We preprocessed data to make the output useful for the purpose of topic identification (Algorithm 1). We converted the texts to lowercase, only kept words, removed stopwords (e.g. “the”), and shorten words to their roots or stems. The remains are the tokens analyzed here. We further removed tokens that appear in less than six papers’ abstract and title (0.1% of the number of papers) because rare words tell little about the similarity of papers.

Algorithm 1. Data preprocessing.
Input: titles and abstracts of papers; Output: list of token lists. 1: stem words using the PorterStemmer of NLTK²; 2: remove stopwords using the stopword corpus of NLTK; 3: remove the words that appear in less than x = 6 papers’ abstract and title.
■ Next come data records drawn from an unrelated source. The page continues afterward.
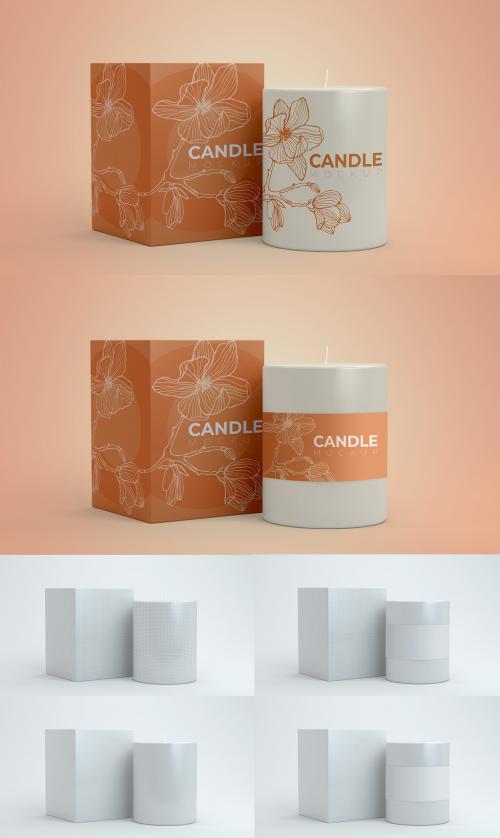 Adobe Stock - Isolated Front Candle and Box Mockup - 400051712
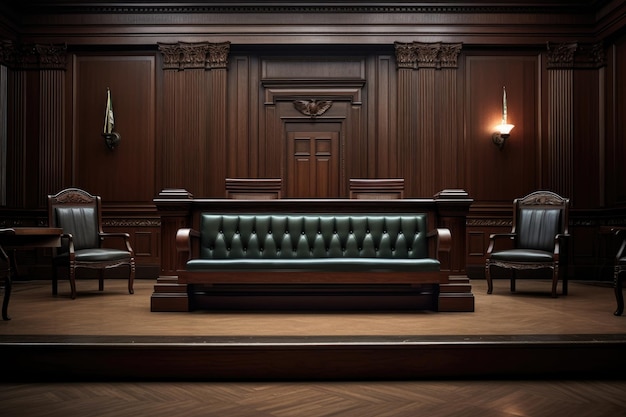 A judges bench in an empty courtroom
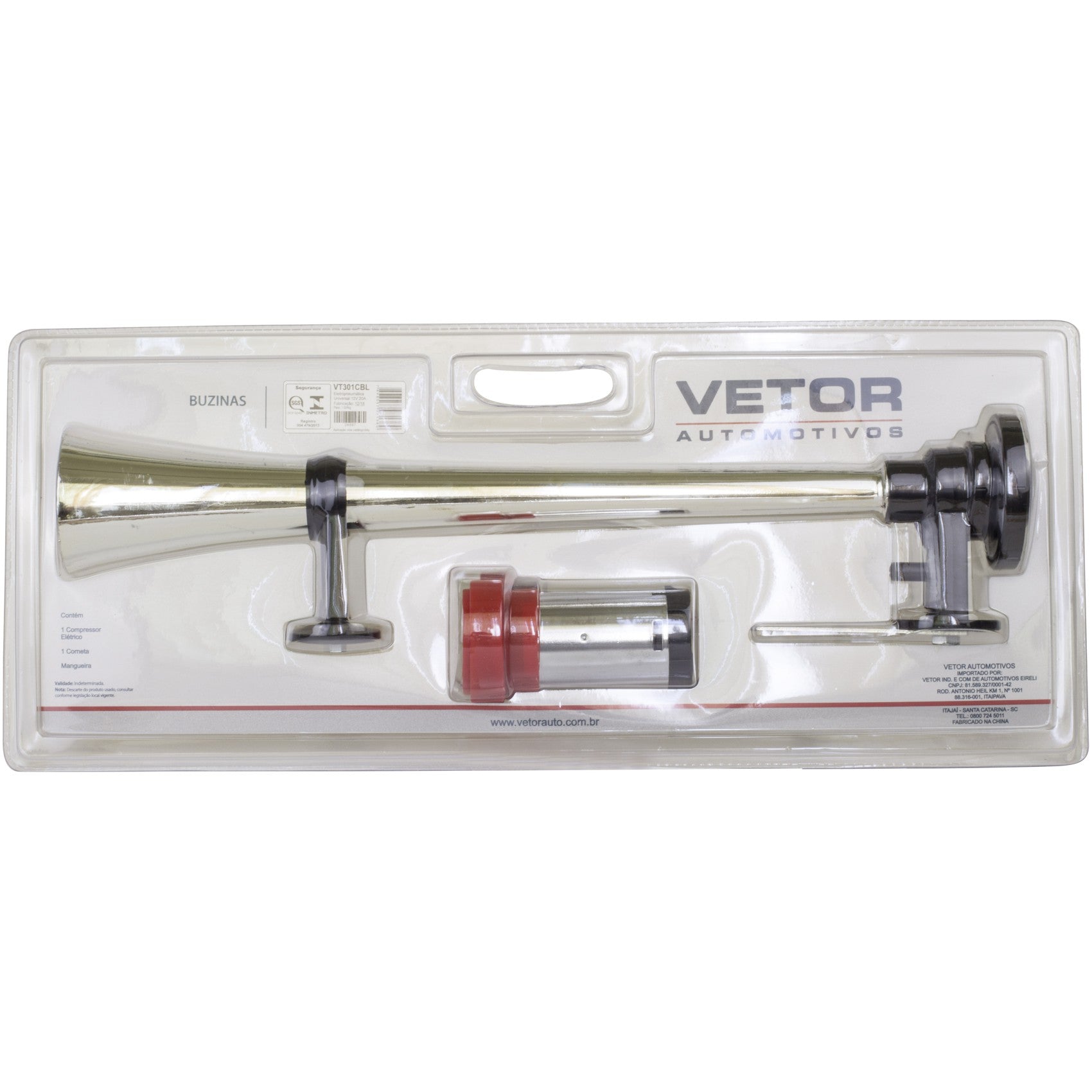 Buzina Grande para Carro Cromada 12V - Vetor - Vt301Cbl - (1)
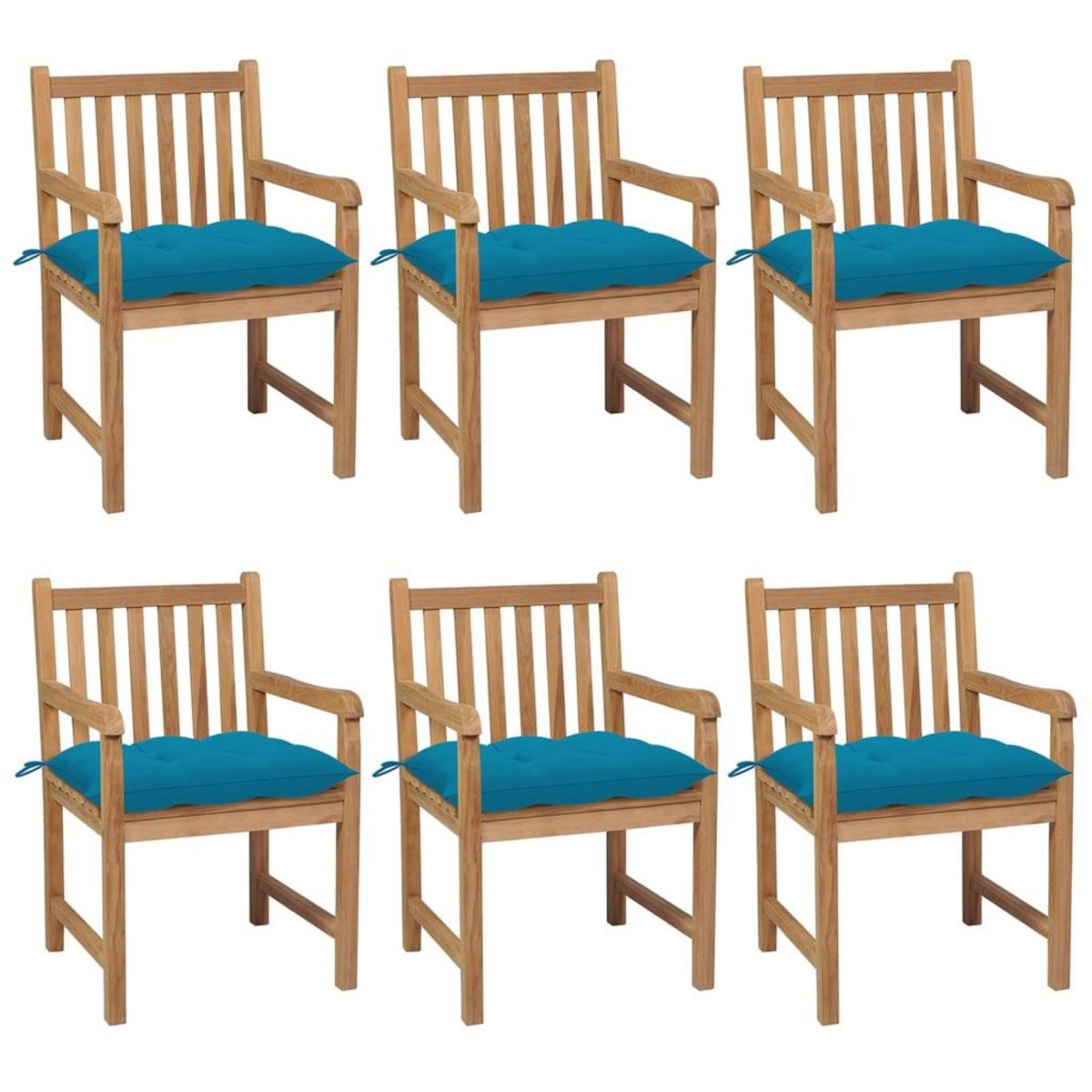 VIDAXL Chaises de jardin lot de 6 avec coussins bleu clair Teck solide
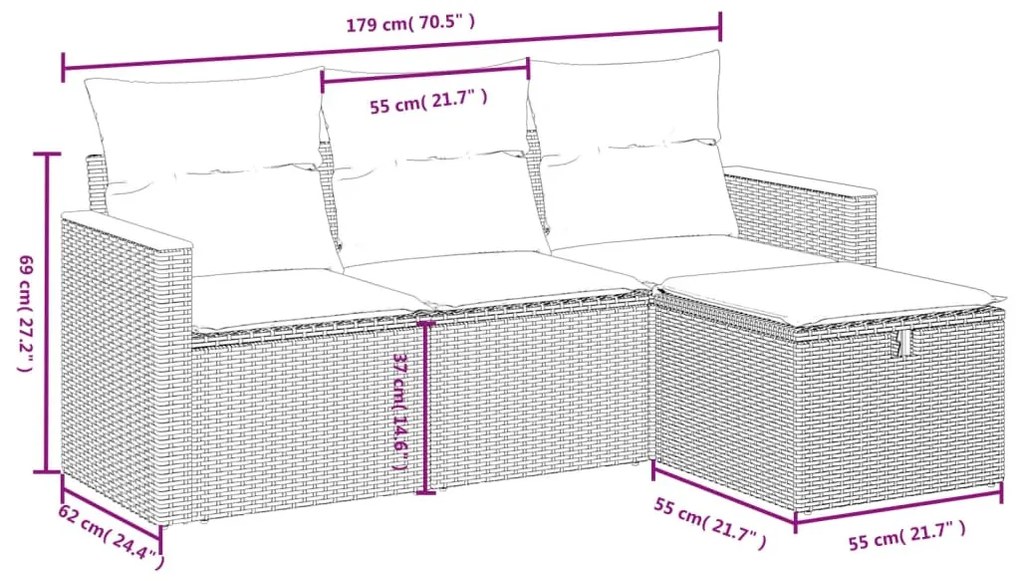 4 részes fekete polyrattan kerti ülőgarnitúra párnákkal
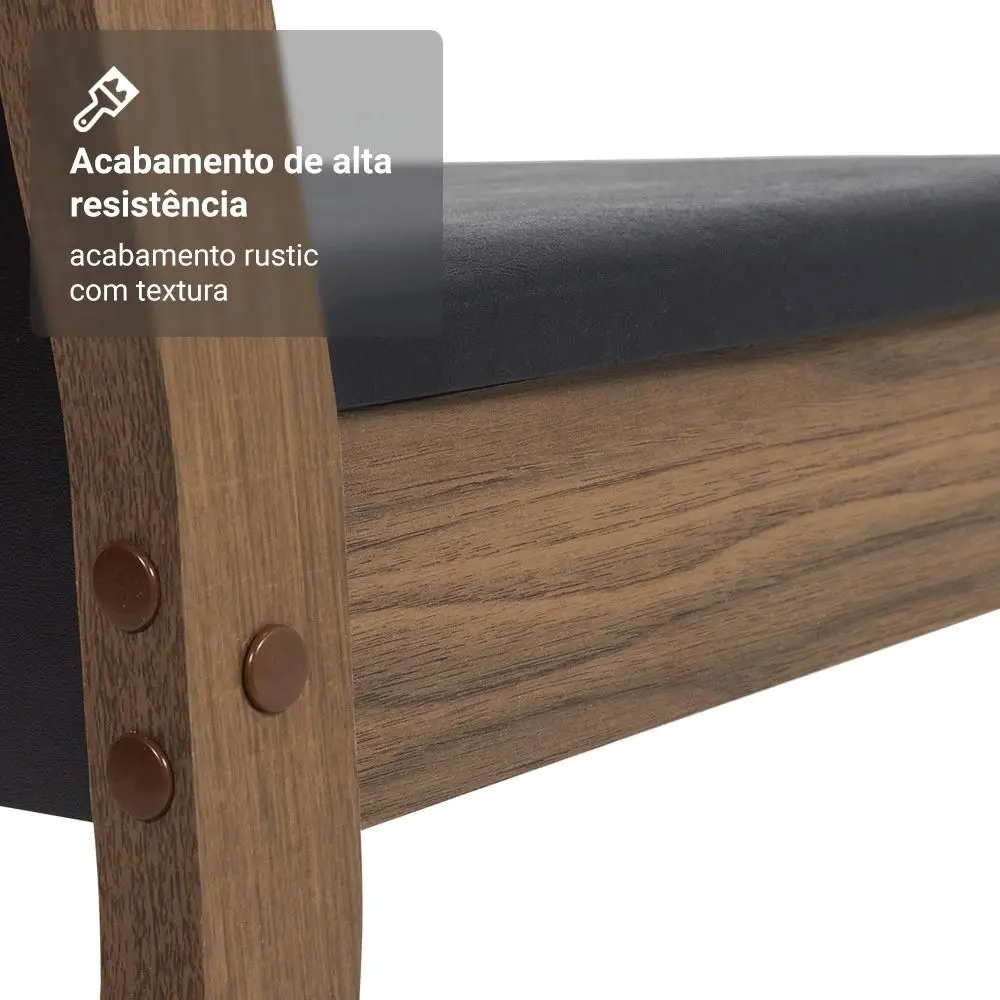 Conjunto Sala de Jantar Mesa Tampo de Vidro 8 Cadeiras Rustic/Preto Justine Madesa - Imagem 7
The training dataset consists of the preprocessed sentences in abstracts and titles. Notably, each training sample is the same as its corresponding target. In order to show the evolution of topics, we split the training dataset annually. That is, we trained the Transformer on those annual datasets respectively and used it on the preprocessed titles of the papers at the corresponding year.

4 The method

In Subsection 4.1, we showed a new representation of scientific papers (word branch) based on the attention mechanism in deep learning. In Subsection 4.2, we showed a topic detection method based on this representation, where topics are detected by detecting the communities of a network formed by connecting word branches. In Sections 5 and 6, we showed the applications of this method, the results of carrying it out, and the experimental comparisons with the LDA. Figure 2 illustrates the operations of our method. The topics output here are directed subgraphs with edges carrying the sequential structure of sentences. Therefore, our method can capture the semantic information carried by the sequential structure, which cannot be captured by the models using Bag-of-Words.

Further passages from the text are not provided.